State again eyes adding testing to teacher ratings
The state Legislature is, again, weighing how to use student test scores in teacher and principal evaluations.
The Associated Press
For the fourth time in as many years, the Washington Legislature is taking a look at teacher and principal evaluations, responding to pressure from the U.S. government to force school districts to judge performance partly on student test scores.
Three proposals were up for discussion Wednesday in the Senate Education Committee.
One would require school districts to give heavy weight to test scores — at least 50 percent in some sections of job-performance reviews. The second would make test data a mandatory part of teacher and principal evaluations but not mandate a percentage.
The third bill, requested by the superintendent of public instruction, is similar to the second but would delay implementation until the 2016-2017 school year.

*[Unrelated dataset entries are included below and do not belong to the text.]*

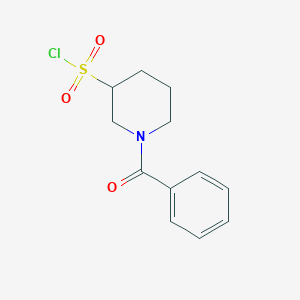 1-Benzoylpiperidine-3-sulfonyl chloride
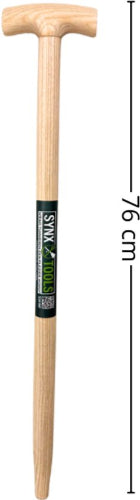 Spade steel 76 cm van gewaxt essenhout met T-greep – Synx Tools
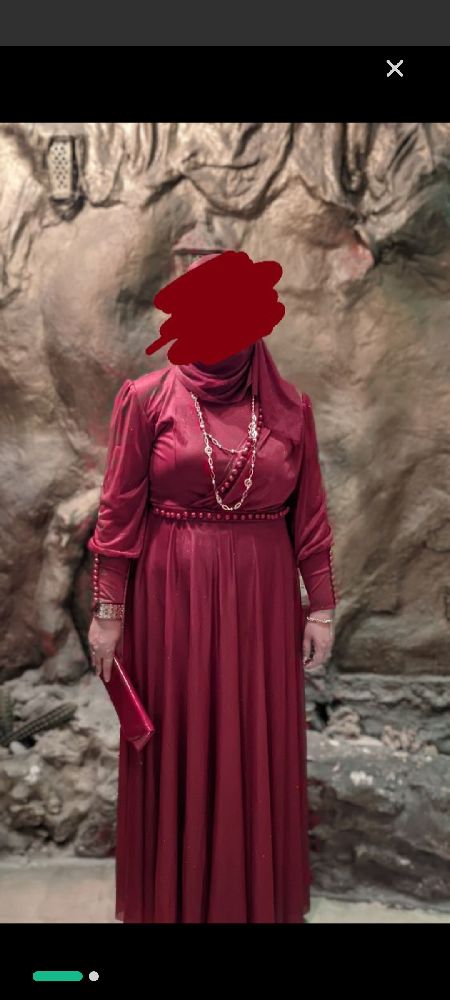 Robe soirée pailletée+ voile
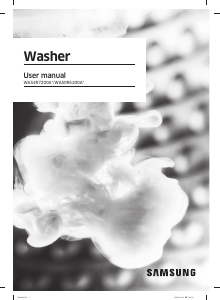 Manual Samsung WA50R5200AW/US Washing Machine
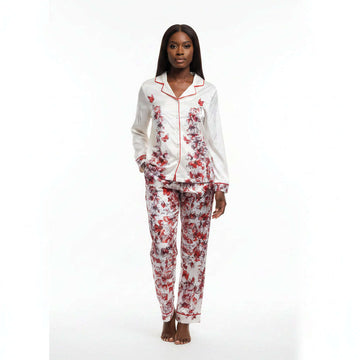 Assorted Satin Classic Pyjama Set Assorted Nawao.com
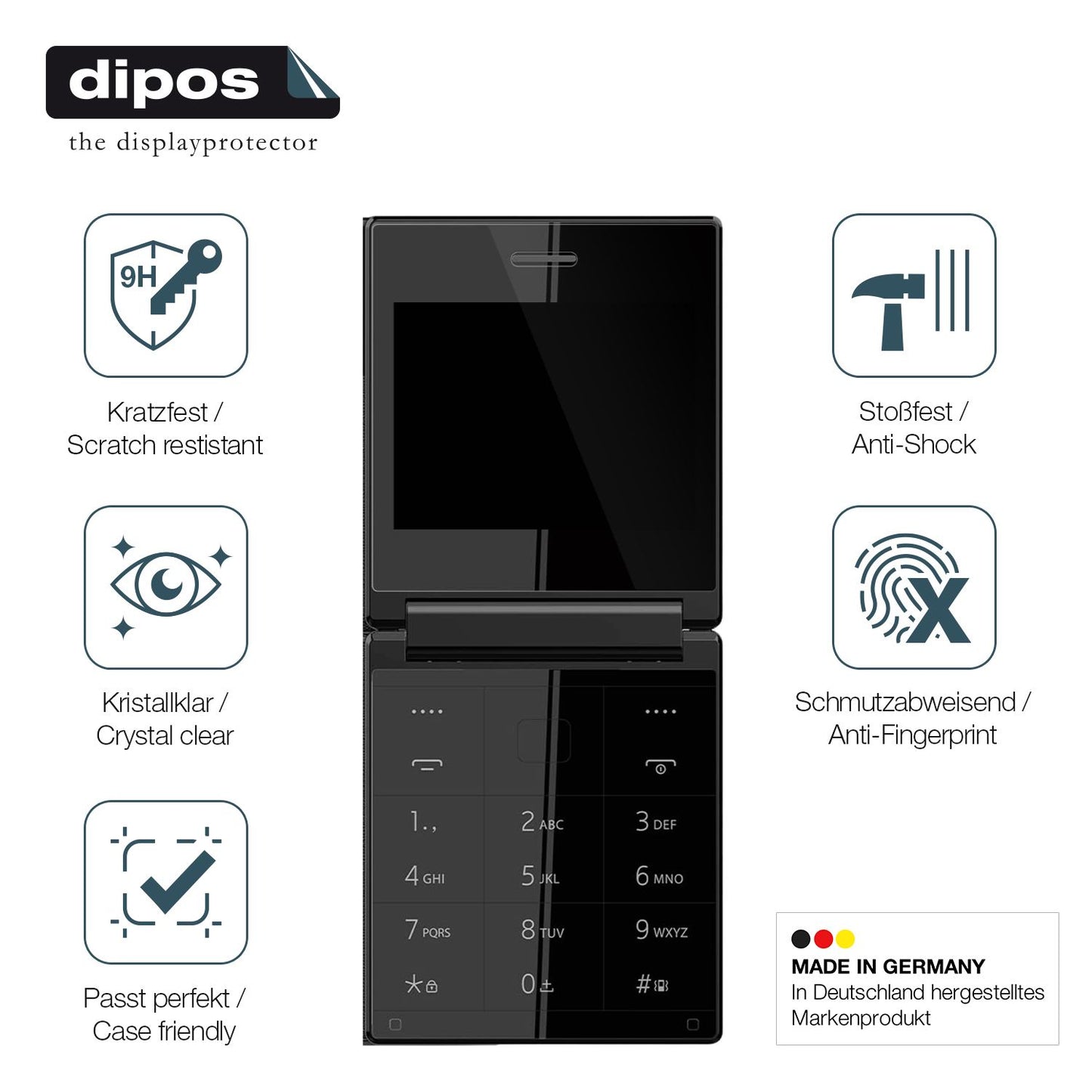 Displayschutz hergestellt in Deutschland, höchste Qualität made in Germany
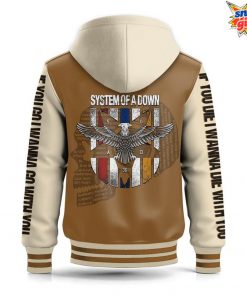 System of a Down Toxicity Tribute Special Hooded Baseball Jacket 4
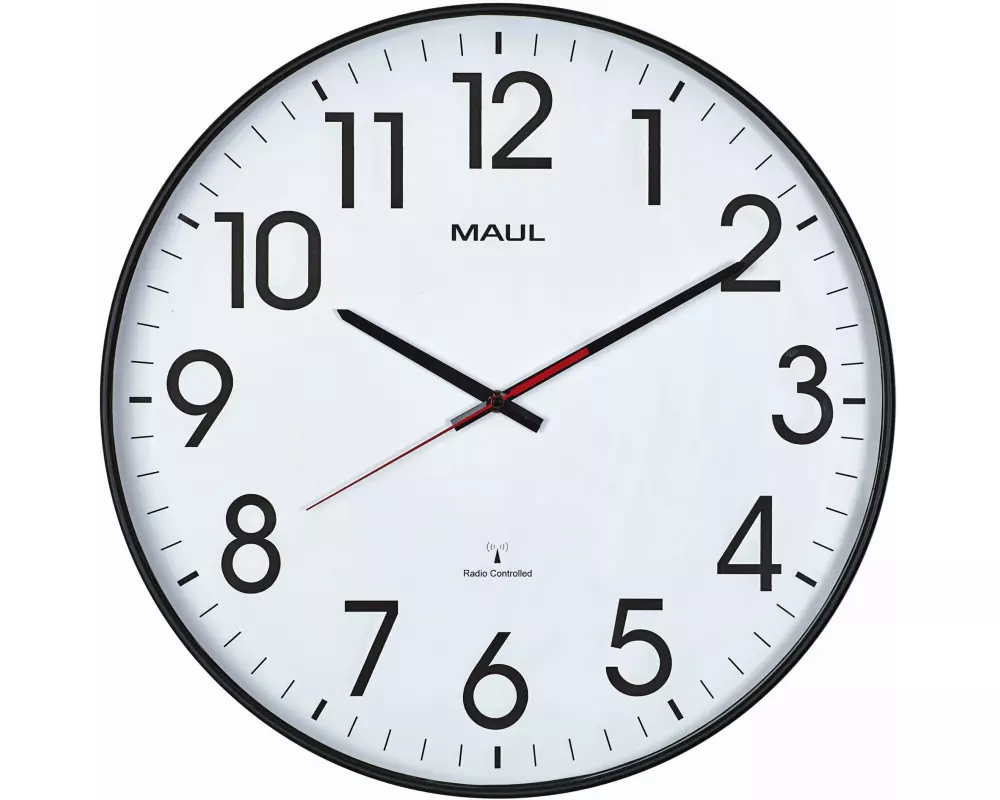 Maul Wanduhr Climb Ø 47 cm Schwarz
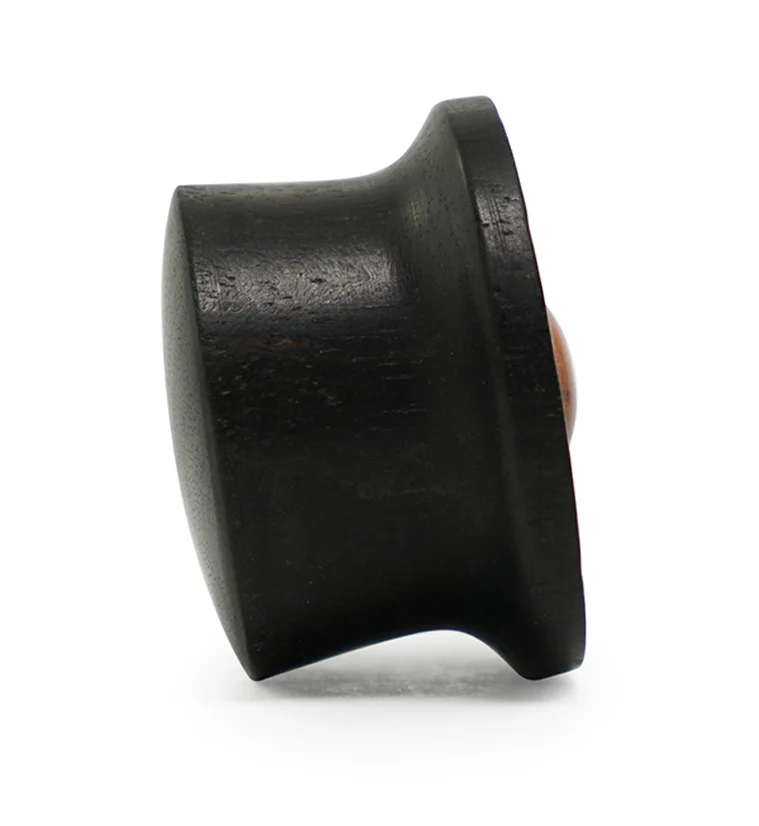 Red Sol Hammered Areng Wood Mayan Flare Plugs - Mrs Treak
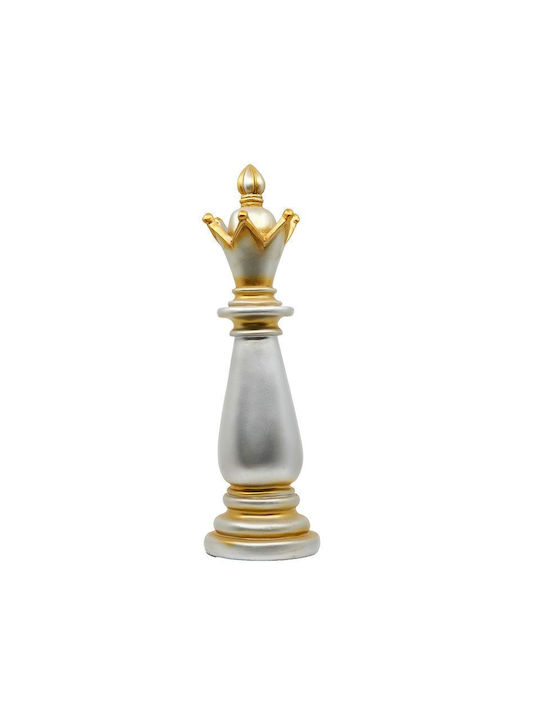 Ai Iliadis Tischdekoration Silbernes Schachfigur 10x39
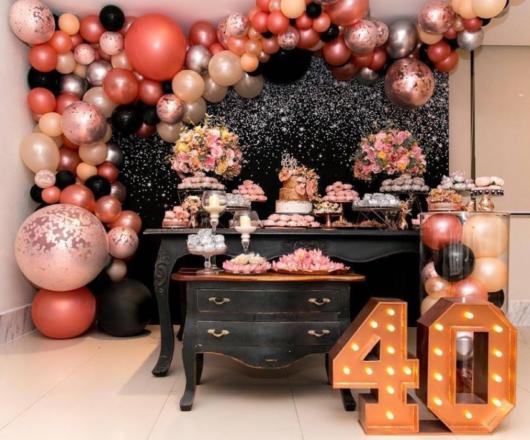 festa de 40 anos com experiência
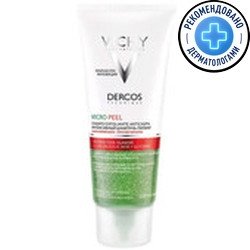 

Vichy Dercos Micropeel шампунь-пилинг 3в1 для интенсивного очищения кожи головы и волос, против перхоти, зуда и дискомфорта 200 мл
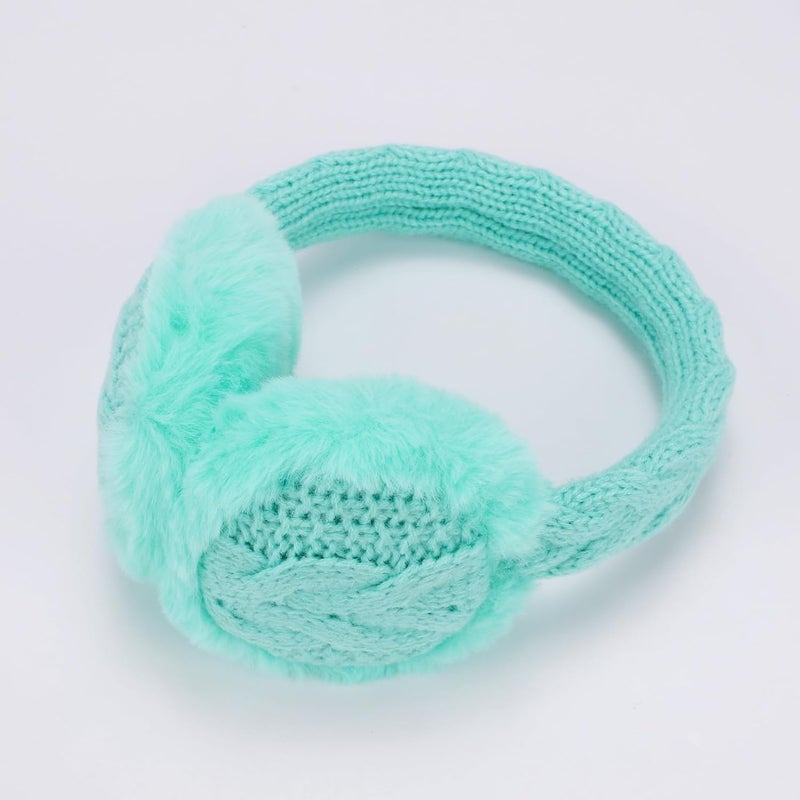 Ztl Kids Knit Earmuffs Winter Outdoor Plush Ear Warmers for Boys Girls 4-16 Years - Image 5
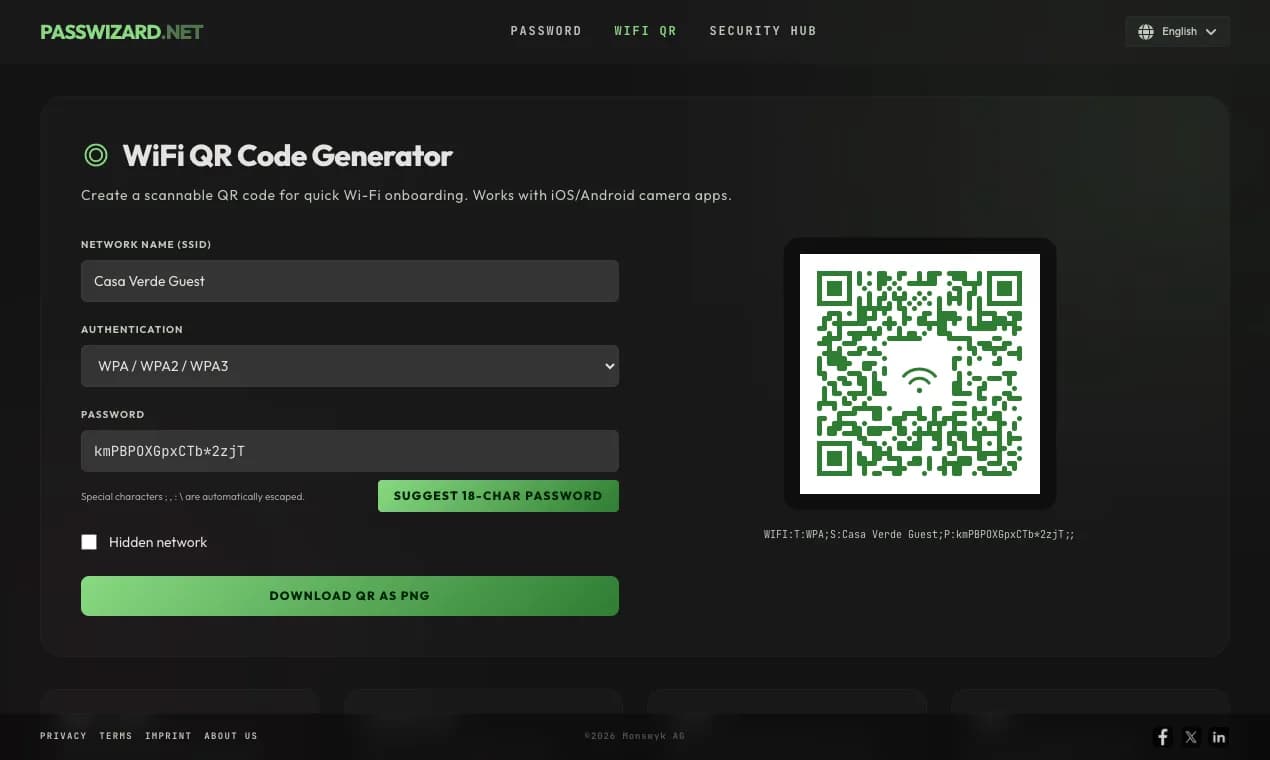PassWizard Screenshot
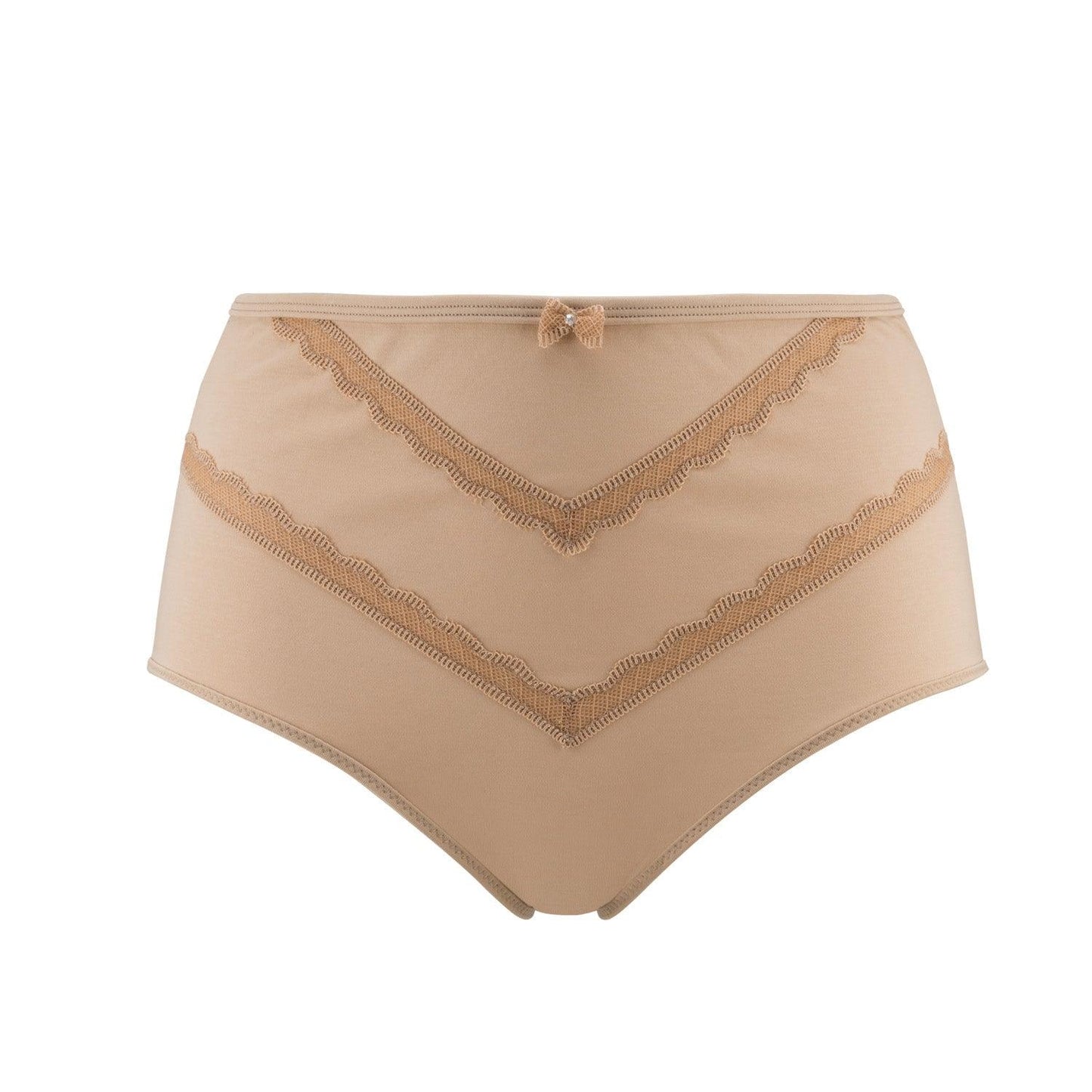 Vanessa- Silk & Organic Cotton Full Brief in Skin Tone Colours-2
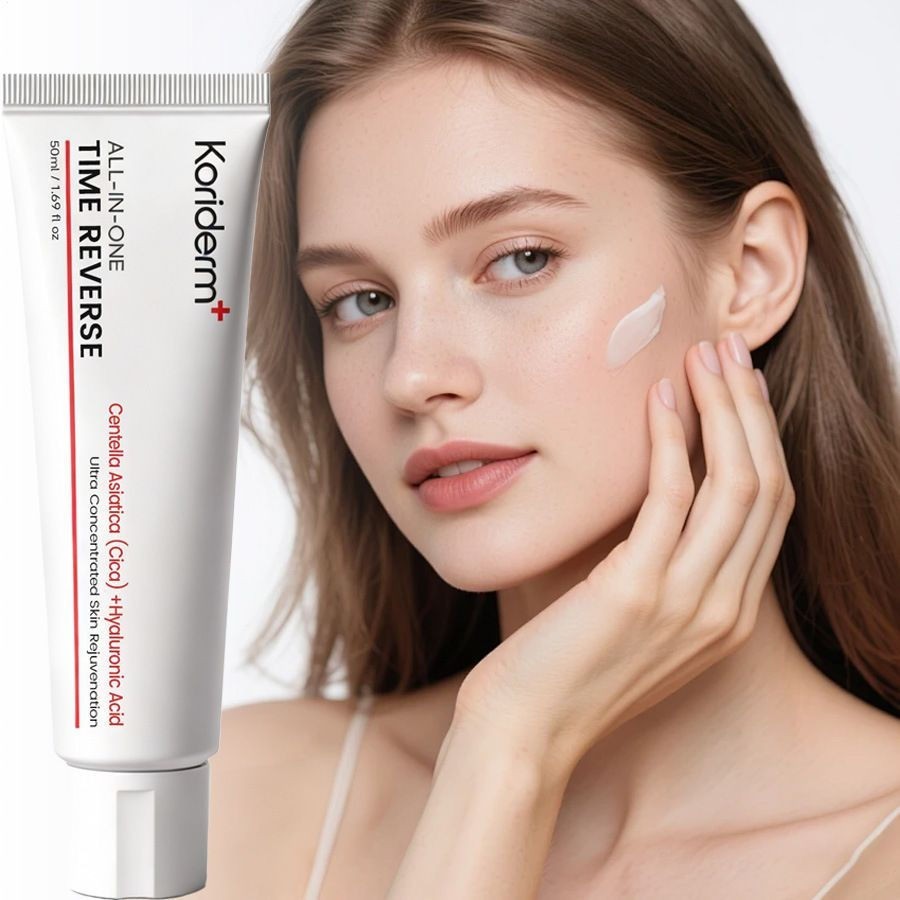 2PCS Koriderm Time Reverse Cream, Koriderm Cream for Face for All Skin Types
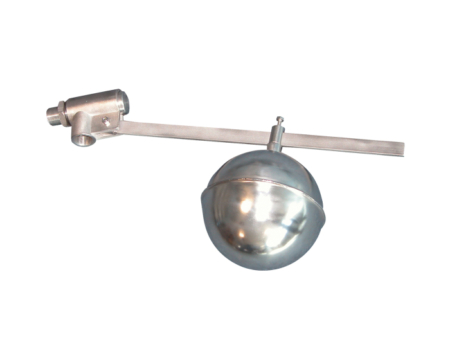 Robinets à flotteur corps Inox 304 pointeau et siège inox 304 flotteur inox 316 joint FKM. BSP. DN3/4"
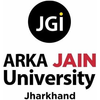Arka Jain University's official logo -  seal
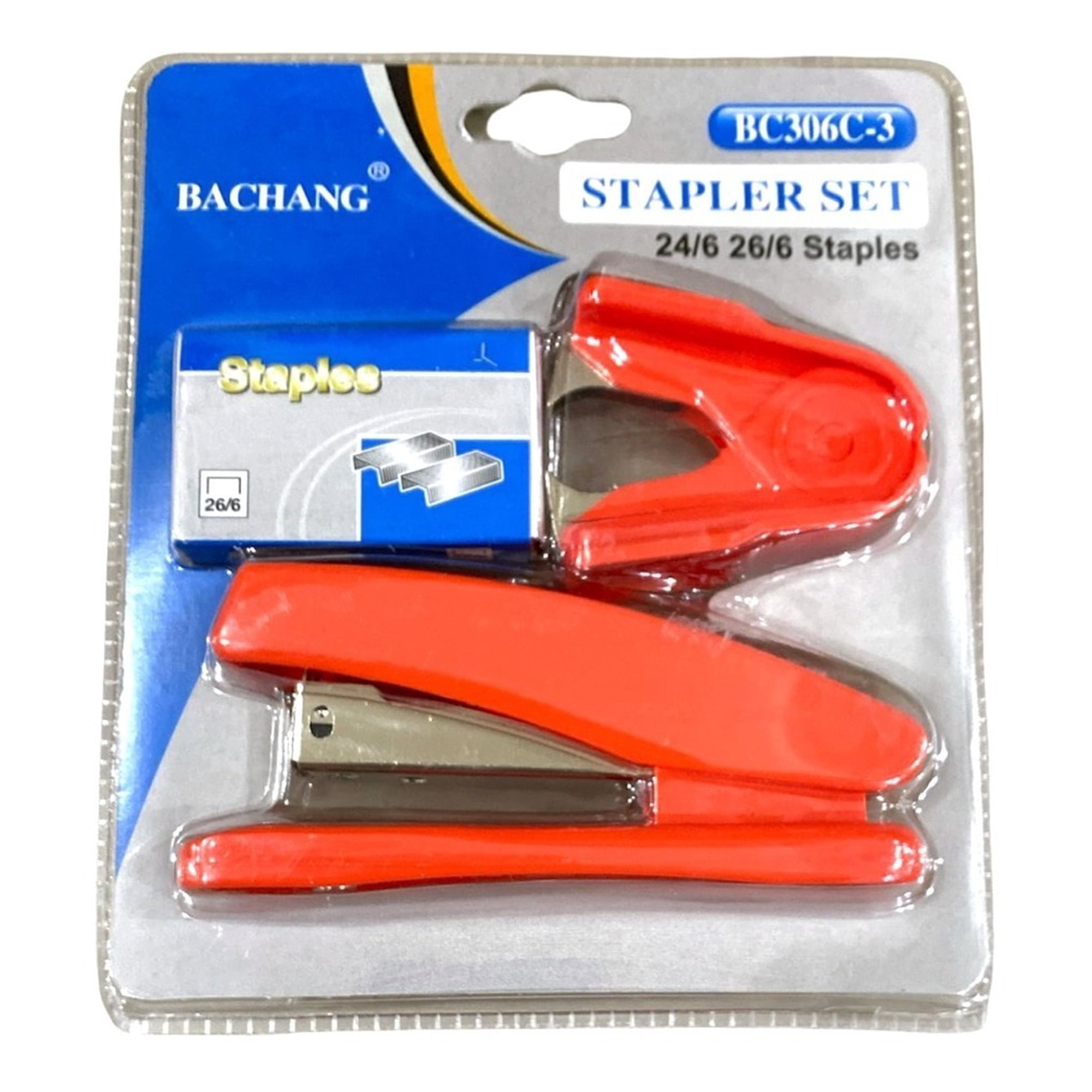 Set Corchetera Grapadora + Corchetes + Saca Corchetes | Lider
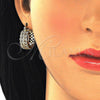Oro Laminado Small Hoop, Gold Filled Style with White Cubic Zirconia, Polished, Golden Finish, 02.210.0288.20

If the evaluation law isn’t changed to require test scores as a factor in evaluations, the state is in danger of losing federal dollars for education and a waiver from the federal government from the requirements of the No Child Left Behind law, education officials say.
Last year’s revision of the state law gave districts some flexibility about how they might use testing data. Since teacher contracts are negotiated locally, districts are making their own decisions about how to interpret the law and most are not including state test scores in their evaluation systems.
“Most of them are simply postponing that conversation,” said Deputy Superintendent of Public Instruction Alan Burke. “They have spent most of their time focusing on the classroom-based tools because those affect all teachers.”
The federal education law set a 2014 deadline for every child in the nation to be reading and doing math at grade level. The U.S. Department of Education has been granting waivers from that rule to states that meet certain requirements, including using test data in evaluations.
Washington was given a conditional waiver to give it time to fix the system. Burke said losing the waiver could force nearly all schools in the state to send a letter home to parents saying they are failing to meet the requirements of the federal education law.
It also may change the way school districts can spend nearly $40 million in federal dollars or possibly make some money unavailable to some districts, state officials believe.
Sen. Steve Litzow, chairman of the Senate Education Committee, said he is confident the Legislature will come up with a compromise to revise the law this session. Litzow, R-Mercer Island, is sponsoring the option that would require statewide testing to make up at least 50 percent of the data behind some parts of evaluations.